Task to complete
The response must consist of the lines below from the one with "This is a 1997" through the one with "Hi, I'm Joe", exactly as they appear and with both ends kept.

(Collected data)
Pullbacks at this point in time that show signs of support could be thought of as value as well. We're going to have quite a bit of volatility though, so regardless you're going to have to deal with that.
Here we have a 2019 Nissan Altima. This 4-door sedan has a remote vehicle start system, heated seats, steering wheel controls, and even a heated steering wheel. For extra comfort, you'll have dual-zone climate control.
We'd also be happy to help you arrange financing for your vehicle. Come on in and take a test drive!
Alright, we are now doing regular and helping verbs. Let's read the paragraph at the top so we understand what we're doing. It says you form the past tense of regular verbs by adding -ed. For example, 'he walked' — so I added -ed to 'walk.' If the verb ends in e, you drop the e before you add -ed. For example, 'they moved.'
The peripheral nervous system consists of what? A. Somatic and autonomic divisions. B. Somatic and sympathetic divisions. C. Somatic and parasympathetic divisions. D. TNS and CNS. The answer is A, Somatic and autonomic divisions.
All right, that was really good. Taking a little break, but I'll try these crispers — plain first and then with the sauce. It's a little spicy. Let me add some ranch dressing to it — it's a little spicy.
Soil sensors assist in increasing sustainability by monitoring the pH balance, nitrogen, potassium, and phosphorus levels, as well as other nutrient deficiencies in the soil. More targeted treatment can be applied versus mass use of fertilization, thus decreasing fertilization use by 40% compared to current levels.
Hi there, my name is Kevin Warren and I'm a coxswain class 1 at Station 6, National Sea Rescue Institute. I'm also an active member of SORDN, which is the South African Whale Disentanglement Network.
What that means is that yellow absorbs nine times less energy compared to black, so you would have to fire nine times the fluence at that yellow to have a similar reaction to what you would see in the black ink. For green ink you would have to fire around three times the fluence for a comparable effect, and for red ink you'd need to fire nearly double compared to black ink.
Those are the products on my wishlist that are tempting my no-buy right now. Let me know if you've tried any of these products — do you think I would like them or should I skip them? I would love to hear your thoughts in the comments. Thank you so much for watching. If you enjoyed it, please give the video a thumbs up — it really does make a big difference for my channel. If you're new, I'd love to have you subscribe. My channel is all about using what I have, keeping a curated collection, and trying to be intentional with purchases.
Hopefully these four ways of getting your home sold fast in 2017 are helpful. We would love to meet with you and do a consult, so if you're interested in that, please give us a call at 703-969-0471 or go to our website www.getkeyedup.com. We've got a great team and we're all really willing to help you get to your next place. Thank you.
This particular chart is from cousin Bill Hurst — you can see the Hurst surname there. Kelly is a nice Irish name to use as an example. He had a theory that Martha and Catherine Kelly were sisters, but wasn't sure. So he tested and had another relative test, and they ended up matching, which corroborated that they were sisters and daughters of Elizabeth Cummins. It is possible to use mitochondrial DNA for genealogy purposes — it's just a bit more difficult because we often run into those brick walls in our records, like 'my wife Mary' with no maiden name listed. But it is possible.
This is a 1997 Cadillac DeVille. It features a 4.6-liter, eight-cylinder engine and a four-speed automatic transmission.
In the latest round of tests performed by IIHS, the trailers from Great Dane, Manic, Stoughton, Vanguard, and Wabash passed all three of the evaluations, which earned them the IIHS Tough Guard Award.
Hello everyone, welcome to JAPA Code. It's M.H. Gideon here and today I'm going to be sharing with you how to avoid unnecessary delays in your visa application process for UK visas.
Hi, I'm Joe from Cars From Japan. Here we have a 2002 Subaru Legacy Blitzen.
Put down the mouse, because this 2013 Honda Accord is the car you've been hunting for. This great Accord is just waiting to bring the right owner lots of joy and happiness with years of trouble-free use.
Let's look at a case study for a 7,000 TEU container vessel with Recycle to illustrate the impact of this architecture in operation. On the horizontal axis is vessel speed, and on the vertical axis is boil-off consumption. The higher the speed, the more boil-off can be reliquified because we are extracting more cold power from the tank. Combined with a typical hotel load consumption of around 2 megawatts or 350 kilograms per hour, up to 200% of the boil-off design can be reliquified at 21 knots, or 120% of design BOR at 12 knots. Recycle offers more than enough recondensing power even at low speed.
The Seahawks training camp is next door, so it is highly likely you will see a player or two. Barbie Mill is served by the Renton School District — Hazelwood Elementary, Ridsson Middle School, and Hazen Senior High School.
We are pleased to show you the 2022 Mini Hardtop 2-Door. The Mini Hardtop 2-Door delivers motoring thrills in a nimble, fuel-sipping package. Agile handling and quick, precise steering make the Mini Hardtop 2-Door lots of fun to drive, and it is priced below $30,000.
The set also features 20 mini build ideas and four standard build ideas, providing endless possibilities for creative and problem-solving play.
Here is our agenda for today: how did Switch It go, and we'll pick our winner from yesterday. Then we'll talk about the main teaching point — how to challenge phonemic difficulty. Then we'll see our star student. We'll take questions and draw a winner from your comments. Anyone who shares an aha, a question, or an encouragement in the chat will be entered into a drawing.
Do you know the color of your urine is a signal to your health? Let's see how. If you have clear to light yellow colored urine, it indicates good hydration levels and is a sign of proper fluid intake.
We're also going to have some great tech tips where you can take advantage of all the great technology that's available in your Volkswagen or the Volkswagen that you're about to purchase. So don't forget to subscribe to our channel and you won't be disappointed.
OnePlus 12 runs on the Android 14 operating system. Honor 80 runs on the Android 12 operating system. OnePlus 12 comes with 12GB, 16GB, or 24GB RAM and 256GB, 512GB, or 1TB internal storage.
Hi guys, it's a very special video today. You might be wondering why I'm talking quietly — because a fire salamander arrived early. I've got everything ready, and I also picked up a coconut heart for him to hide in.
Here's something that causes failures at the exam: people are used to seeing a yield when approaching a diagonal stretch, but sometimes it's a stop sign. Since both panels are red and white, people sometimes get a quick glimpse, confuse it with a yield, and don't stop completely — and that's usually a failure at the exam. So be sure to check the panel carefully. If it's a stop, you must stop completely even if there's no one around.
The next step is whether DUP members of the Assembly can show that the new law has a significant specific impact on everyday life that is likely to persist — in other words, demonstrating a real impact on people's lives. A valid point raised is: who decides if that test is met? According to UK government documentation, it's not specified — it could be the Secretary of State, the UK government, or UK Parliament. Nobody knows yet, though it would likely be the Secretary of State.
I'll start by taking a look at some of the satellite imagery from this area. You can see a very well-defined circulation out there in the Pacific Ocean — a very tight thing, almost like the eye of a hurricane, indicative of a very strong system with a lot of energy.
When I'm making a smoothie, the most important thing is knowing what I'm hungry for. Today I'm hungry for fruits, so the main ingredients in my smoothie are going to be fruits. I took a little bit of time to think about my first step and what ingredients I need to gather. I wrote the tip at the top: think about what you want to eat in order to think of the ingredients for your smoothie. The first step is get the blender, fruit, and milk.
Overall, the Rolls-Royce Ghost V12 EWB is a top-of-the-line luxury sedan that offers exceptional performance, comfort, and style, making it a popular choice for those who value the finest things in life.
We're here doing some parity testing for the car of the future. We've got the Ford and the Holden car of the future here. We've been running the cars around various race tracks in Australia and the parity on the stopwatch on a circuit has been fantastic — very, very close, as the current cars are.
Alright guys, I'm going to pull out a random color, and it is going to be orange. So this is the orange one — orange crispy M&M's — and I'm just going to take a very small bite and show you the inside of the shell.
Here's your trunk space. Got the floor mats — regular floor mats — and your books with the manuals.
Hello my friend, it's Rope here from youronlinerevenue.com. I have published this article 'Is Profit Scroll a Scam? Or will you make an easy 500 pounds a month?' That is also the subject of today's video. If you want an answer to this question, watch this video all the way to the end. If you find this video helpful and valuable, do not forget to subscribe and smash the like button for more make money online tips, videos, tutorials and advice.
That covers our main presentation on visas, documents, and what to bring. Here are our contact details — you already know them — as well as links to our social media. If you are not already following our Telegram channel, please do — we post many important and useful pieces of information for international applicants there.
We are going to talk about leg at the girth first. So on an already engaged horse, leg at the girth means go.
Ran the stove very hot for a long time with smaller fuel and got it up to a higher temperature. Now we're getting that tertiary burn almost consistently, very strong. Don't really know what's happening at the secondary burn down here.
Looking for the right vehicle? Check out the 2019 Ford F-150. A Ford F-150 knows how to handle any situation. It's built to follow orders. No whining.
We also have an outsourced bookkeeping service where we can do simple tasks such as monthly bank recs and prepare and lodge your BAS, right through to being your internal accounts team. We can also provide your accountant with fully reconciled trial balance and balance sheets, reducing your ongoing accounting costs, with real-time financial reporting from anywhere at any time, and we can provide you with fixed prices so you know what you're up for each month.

Solution for this task
This is a 1997 Cadillac DeVille. It features a 4.6-liter, eight-cylinder engine and a four-speed automatic transmission.
In the latest round of tests performed by IIHS, the trailers from Great Dane, Manic, Stoughton, Vanguard, and Wabash passed all three of the evaluations, which earned them the IIHS Tough Guard Award.
Hello everyone, welcome to JAPA Code. It's M.H. Gideon here and today I'm going to be sharing with you how to avoid unnecessary delays in your visa application process for UK visas.
Hi, I'm Joe from Cars From Japan. Here we have a 2002 Subaru Legacy Blitzen.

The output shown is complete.